Pour la Banque Européenne d'investissement (BEI) qui a apporté mercredi un soutien financier supplémentaire de 3 milliards d'euros à ce gigantesque projet d'infrastructure portant au total sur 36,1 milliards d'euros, l'objectif est surtout "d'aider à réussir la décarbonation des transports" et "d'améliorer la vie quotidienne" des habitants.
Mais dans ce titanesque chantier souterrain, il est bien difficile pour un oeil non averti de percevoir quel pourrait être l'effet climatique positif d'une telle avalanche de béton.
"Il faut surtout regarder le report modal que les nouvelles lignes de métro de banlieue à banlieue permettront, c'est-à-dire le nombre de voitures qui seront retirées des routes", répond à l'AFP René Laurent Ballaguy, chef du bureau de la BEI à Paris lors d'une visite du chantier organisée par la SGP mercredi.
- "rentabilité environnementale" -
L'institution financière européenne basée à Luxembourg, qui se présente comme une "banque du climat", insiste sur le financement de projets "permettant d'atteindre les objectifs fixés par l'accord de Paris sur le climat en 2015".
"Lors de notre instruction des dossiers, nous intégrons bien sûr la rentabilité économique, mais (...) aussi un prix interne du carbone pour vérifier sa rentabilité environnementale", précise Ambroise Fayolle, vice-président de la BEI.
Outre la ligne 15, le futur réseau du Grand Paris Express est composé de trois autres lignes de métro automatique sans conducteur (16, 17 et 18), et des extensions de la ligne 14 vers Orly au sud et Saint-Denis au nord, mises en service juste avant les Jeux Olympiques de Paris en 2024.
Au total, 68 gares nouvelles seront réparties sur 200 kilomètres de nouvelles voies. En reliant les banlieues entre elles, ce réseau doit permettre de doubler la taille du métro historique parisien.
Depuis 2018, le vaste chantier francilien qui a déjà subi plusieurs retards, a mobilisé 36 tunneliers, dont quatre forent encore les tréfonds du sous-sol.
Côté décarbonation, la SGP fait valoir que 90% du Grand Paris Express recourt à du béton "bas carbone".
Sa fabrication émet jusqu'à 40% de CO2 de moins qu'un béton traditionnel.
Ce matériau utilise des déchets de sidérurgie en remplacement du clinker, le composant le plus polluant du ciment très fortement émetteur des gaz à effet de serre qui réchauffent le climat.
Certains voussoirs, les blocs de béton préfabriqués en forme d'arc qui constituent les parois du tunnel sont en béton "ultra-bas carbone", affirme un ingénieur, avec des émissions de CO2 encore inférieures.
A côté du tapis convoyeur qui crache les déchets de sable noir (pyrite) excavés par le tunnelier, une grue relève soudain un voussoir dans le ciel.
La machine de forage l'ajoutera automatiquement à l'échine du tunnel, en le noyant dans le béton liquide.
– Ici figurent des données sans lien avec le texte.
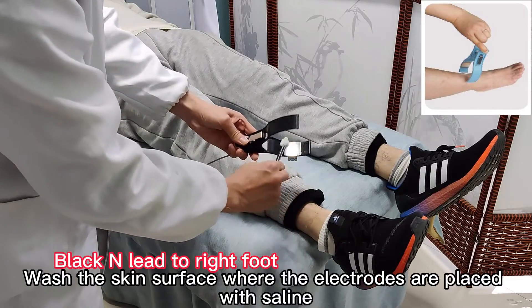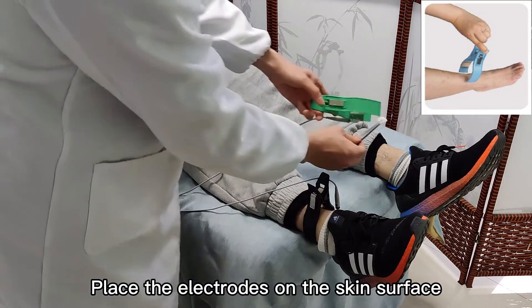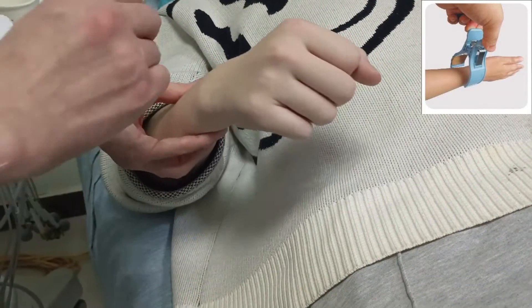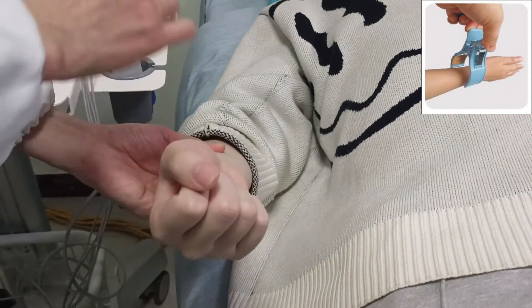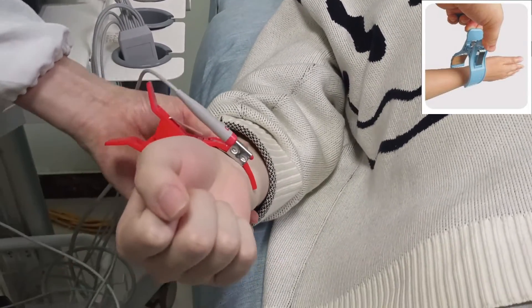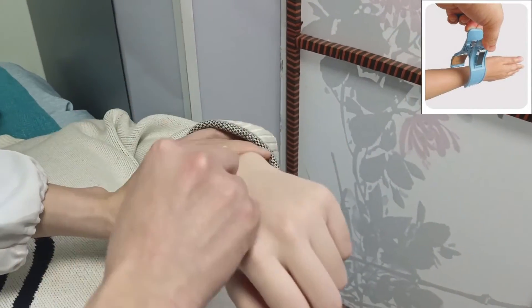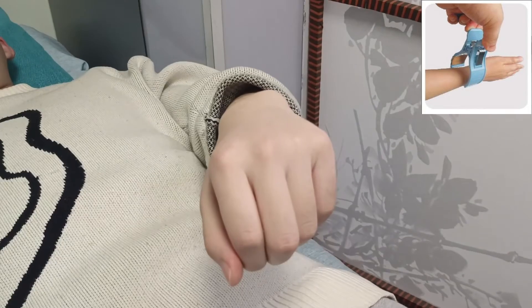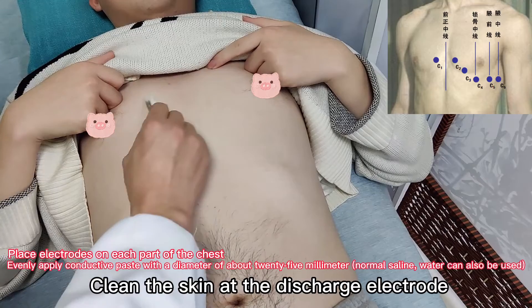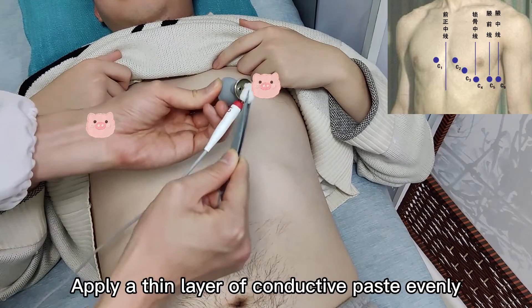Wash the skin surface where the electrodes are to be placed. Place the electrodes on the skin surface. Green F lead to left foot. Red R lead to right hand. Yellow L lead to left hand. Clean the skin as the discharge electrode and apply a thin layer of conductive paste evenly.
Depuis décembre, le tunnelier a progressé de 15 mètres par jour en moyenne en direction du quartier de la Défense.
- "Eocène, Lutétien et Ypresien" -
Le futur métro sera plus profond que le métro historique, et que le RER construit dans les années 70, souligne Elodie Leygnac Chese, ingénieure responsable du secteur.
A Nanterre-la-Folie, le chantier se situe à 25 mètres sous terre. A Saint-Cloud, à l'ouest de Paris, "nous serons à 50 mètres sous terre" dit-elle.
En creusant, les quatre tunneliers encore en activité prénommés Marine, Tiphaine, Rita et Yandé, traversent "plusieurs niveaux de nappes d'eau souterraines" en Ile-de-France, ajoute l'ingénieure en montrant une "paroi moulée", technique de béton injecté sur 80 centimètres d'épaisseur pour tenir les terrains en zone humide.
Dans le bassin parisien, "nous creusons dans l'Eocène, dans le Lutétien et dans l'Ypresien" ajoute-t-elle, trois couches géologiques du sous-sol dont la formation remonte à plusieurs dizaines de millions d'années.